Build Your Own Bubble
Red Memory, A Beast Slinks Towards Beijing, Nonesuch and more.
We got elecshanked in West Bengal yesterday. By which I mean, felt gutted by the results of an election in which voters had to choose between a party with a track record of reducing the state to a broken mess and a party with a track record of reducing the country to a broken mess. After 15 years of Mamata Banerjee’s TMC, Bengal chose BJP. India now has a saffron cummerbund made up of BJP-ruled states running all across its middle.
A new dawn has broken today (following BJP workers reportedly breaking other things as they gleefully celebrated the party’s historic win by smashing anything that reminded them of TMC). It’s the first time the party has come to power in Bengal and the numbers suggest Hindutva is genuinely popular here. A lot of people had braced themselves to see rural pockets of Bengal vote for BJP, but the party also scored comprehensive victories in Kolkata, whose upper middle classes have long claimed their city is a bastion of cosmpolitanism and good taste. Yesterday, Kolkata picked jhal muri over biriyani. So much for good taste.

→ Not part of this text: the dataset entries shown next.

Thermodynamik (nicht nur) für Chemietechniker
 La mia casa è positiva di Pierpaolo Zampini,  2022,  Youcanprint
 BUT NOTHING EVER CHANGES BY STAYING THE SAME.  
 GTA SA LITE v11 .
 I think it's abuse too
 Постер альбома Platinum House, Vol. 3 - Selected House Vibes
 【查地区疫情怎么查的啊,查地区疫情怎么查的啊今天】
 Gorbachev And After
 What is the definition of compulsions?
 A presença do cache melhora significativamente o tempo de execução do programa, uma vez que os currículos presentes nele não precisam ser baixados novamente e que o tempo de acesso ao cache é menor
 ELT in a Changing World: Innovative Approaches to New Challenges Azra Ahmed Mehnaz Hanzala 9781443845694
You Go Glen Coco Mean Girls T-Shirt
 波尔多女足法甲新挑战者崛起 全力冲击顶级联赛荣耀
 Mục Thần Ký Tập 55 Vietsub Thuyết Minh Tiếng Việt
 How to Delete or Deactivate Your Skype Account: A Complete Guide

The Bengal results make plain how fed up the state is of Banerjee, but the numbers are also an uncomfortable indicator that the social fabric of Bengal is far more torn than most of us had realised. I coined elecshanked last afternoon while mourning chatting about the election results with a friend. BJP in Bengal was making headlines, Tamil Nadu and Kerala had their own shockers to report. We stared at screens, unable to decide whether we were witnessing democracy in action or democracy being reduced to a joke. My friend wrote to me, “There should be a name for this crushing feeling.”
Enter “elecshanked”:
verb;
from “election” (a decision-making process in which a population or part of a population vote to choose an individual or multiple individuals to hold public office)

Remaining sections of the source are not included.